START Supplied entries
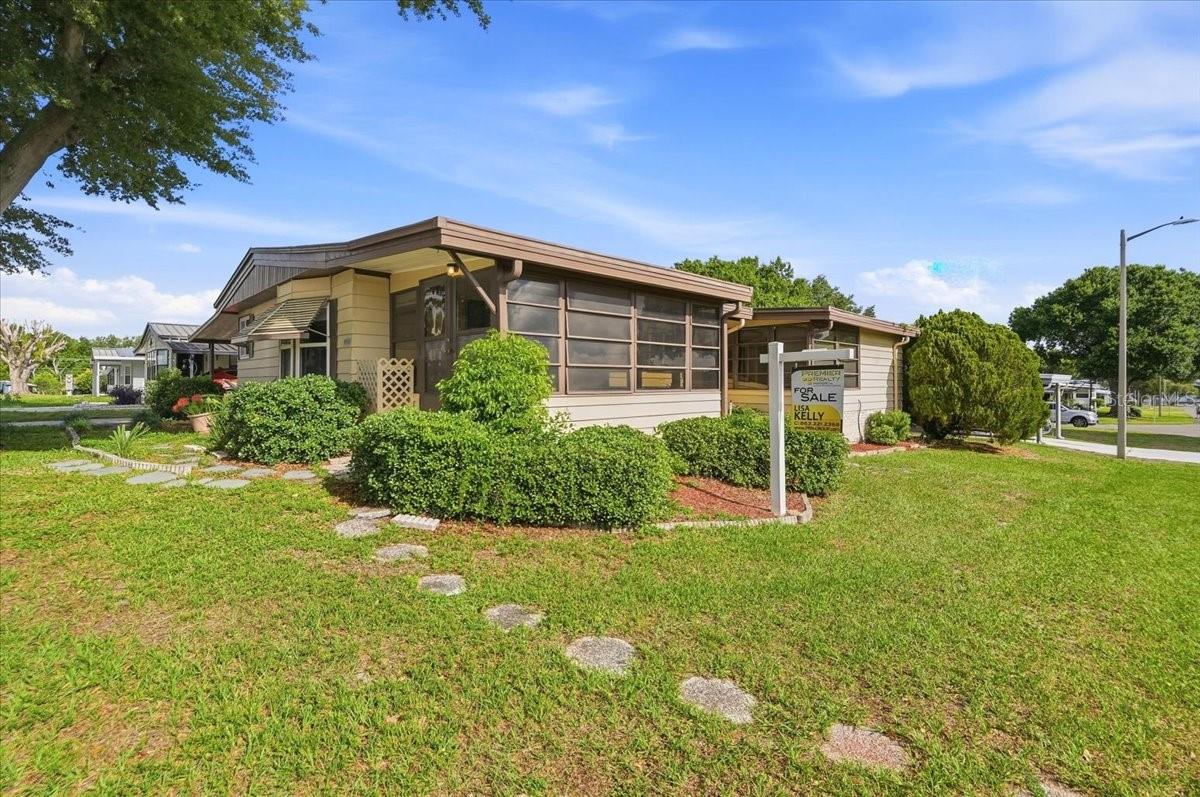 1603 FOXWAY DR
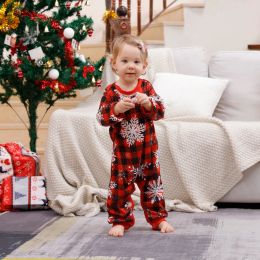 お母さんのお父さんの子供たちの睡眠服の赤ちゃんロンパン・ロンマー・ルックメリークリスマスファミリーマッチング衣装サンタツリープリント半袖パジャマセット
END Supplied entries
START Supplied entries
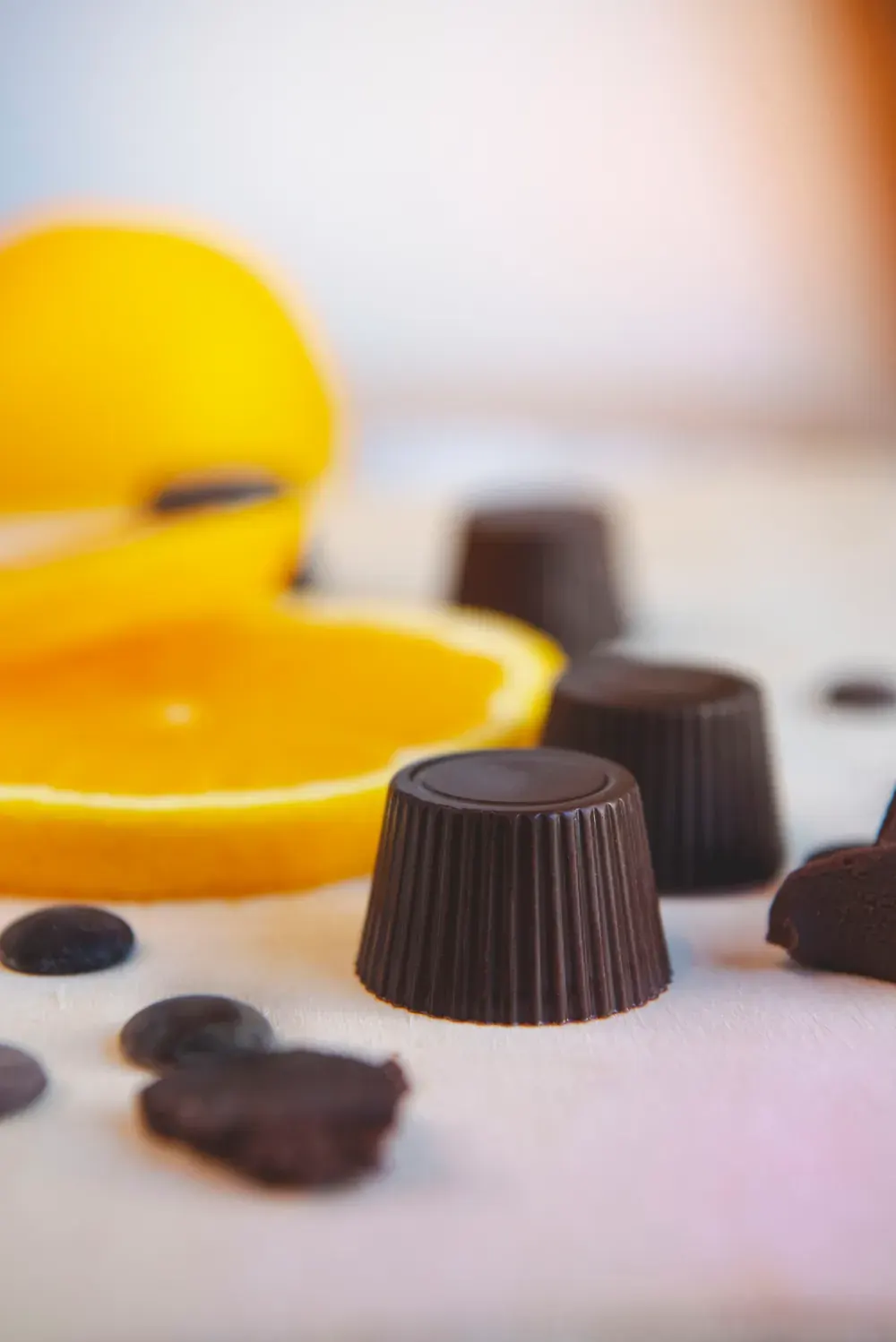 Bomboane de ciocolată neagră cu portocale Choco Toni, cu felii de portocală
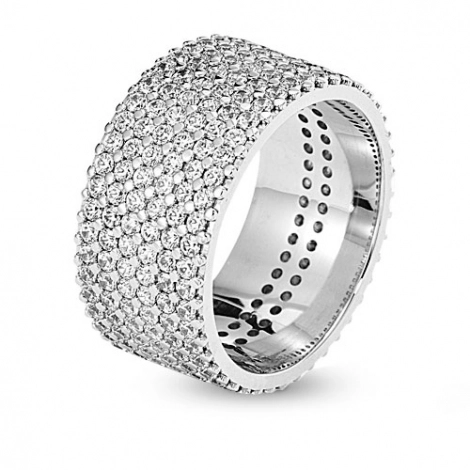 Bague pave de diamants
END Supplied entries
# Work to be completed
What you need to produce is an exact copy of the entries above, limited to the lines from the one with "Bomboane de ciocolată" up to and including the one with "Bague pave de diamants", without pictures.

# Result below
 Bomboane de ciocolată neagră cu portocale Choco Toni, cu felii de portocală
 Bague pave de diamants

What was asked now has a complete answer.